Senryū (川柳, literally 'river willow') is a Japanese form of short poetry similar to haiku in construction: three lines with 17 morae (or "on", often translated as syllables, but see the article on onji for distinctions). Senryū tend to be about human foibles while haiku tend to be about nature, and senryū are often cynical or darkly humorous while haiku are more serious. Unlike haiku, senryū do not include a kireji (cutting word), and do not generally include a kigo, or season word.[1][2]

Form and content

Senryū is named after Edo period haikai poet Senryū Karai (柄井川柳, 1718-1790), whose collection Haifūyanagidaru (誹風柳多留) launched the genre into the public consciousness. A typical example from the collection:

泥棒を dorobō o
捕えてみれば toraete mireba
我が子なり wagako nari

When I catch,
The robber,
my own son

This senryū, which can also be translated "Catching him / you see the robber / is your son," is not so much a personal experience of the author as an example of a type of situation (provided by a short comment called a maeku or fore-verse, which usually prefaces a number of examples) and/or a brief or witty rendition of an incident from history or the arts (plays, songs, tales, poetry, etc.). In this case, there was a historical incident of legendary proportion.

Some senryū skirt the line between haiku and senryū. The following senryū by Shūji Terayama copies the haiku structure faithfully, down to a blatantly obvious kigo, but on closer inspection is absurd in its content:

かくれんぼ kakurenbo
三つ数えて mittsu kazoete
冬になる fuyu ni naru

Hide and seek
Count to three
Winter comes

Terayama, who wrote about playing hide-and-seek in the graveyard as a child, thought of himself as the odd one out, the one who was always "it" in hide-and-seek. Indeed, the original haiku included the theme "oni" (the "it" in Japanese is a demon, though in some parts a very young child forced to play "it" was called a "sea slug" (namako)). To him, seeing a game of hide-and-seek, or recalling it as it grew cold would be a chilling experience. Terayama might also have recalled opening his eyes and finding himself all alone, feeling the cold more intensely than he did a minute before among other children. Either way, any genuinely personal experience would be haiku and not senryū in the classic sense. If you think Terayama's poem uses a child's game to express in hyperbolic metaphor how, in retrospect, life is short, and nothing more, then this would indeed work as a senryū. Otherwise, it is a bona-fide haiku. There is also the possibility that it is a joke about playing hide and seek, only to realize (winter having arrived during the months spent hiding) that no one wants to find you.

English-language senryū publications

In the 1970s, Michael McClintock edited Seer Ox: American Senryu Magazine. In 1993, Michael Dylan Welch edited and published Fig Newtons: Senryū to Go, the first anthology of English-language senryū.[3]

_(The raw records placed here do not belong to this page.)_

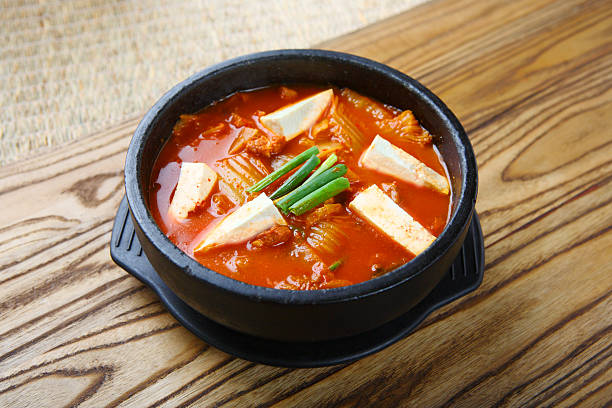 Kimchi Soup (Kimchi Jjigae)  Kimchi stock pictures, royalty-free photos & images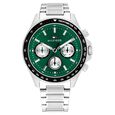 Tommy Hilfiger Quartz Multifunction Green Dial Silver Stainless Steel Strap Watch For Men - image number 0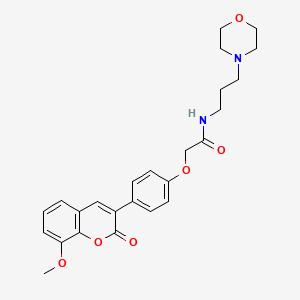 2-[4-(8-methoxy-2-oxo-2H-chromen-3-yl)phenoxy]-N-[3-(4-morpholinyl)propyl]acetamide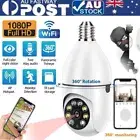 360° 1080P IP E27 Light Bulb Camera Wi-Fi IR Night Smart Home Wireless Security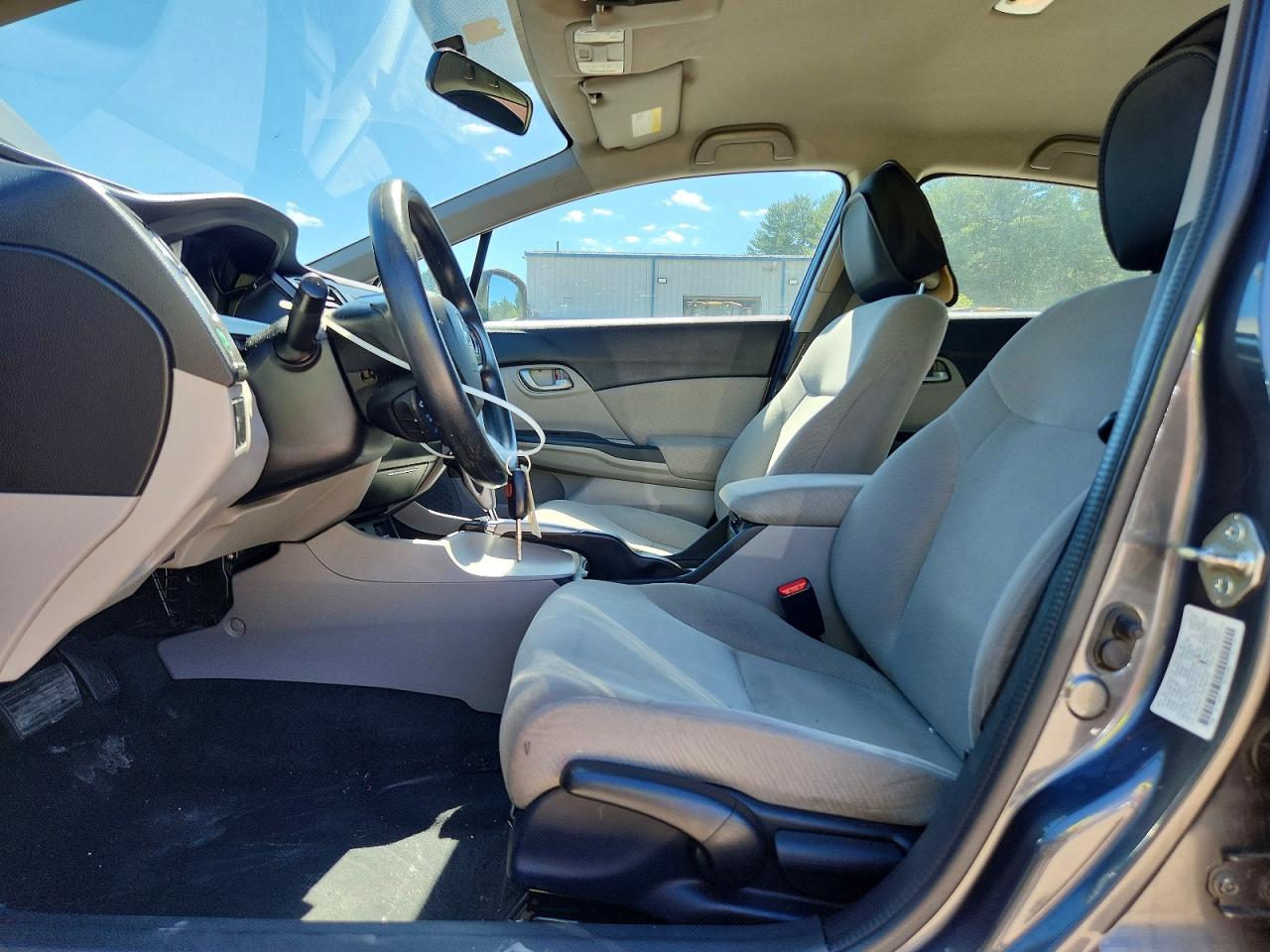 2013 Honda Civic Lx Gray vin: 2HGFB2F55DH569187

Additionally, one can regularly find senryū and related articles in some haiku publications. For example:

Senryū regularly appear in the pages of Modern Haiku, Frogpond, Tundra, and other haiku journals, often unsegregated from haiku.

Senryū awards

The Haiku Society of America holds the annual Gerald Brady Memorial Award for best unpublished senryū.[4]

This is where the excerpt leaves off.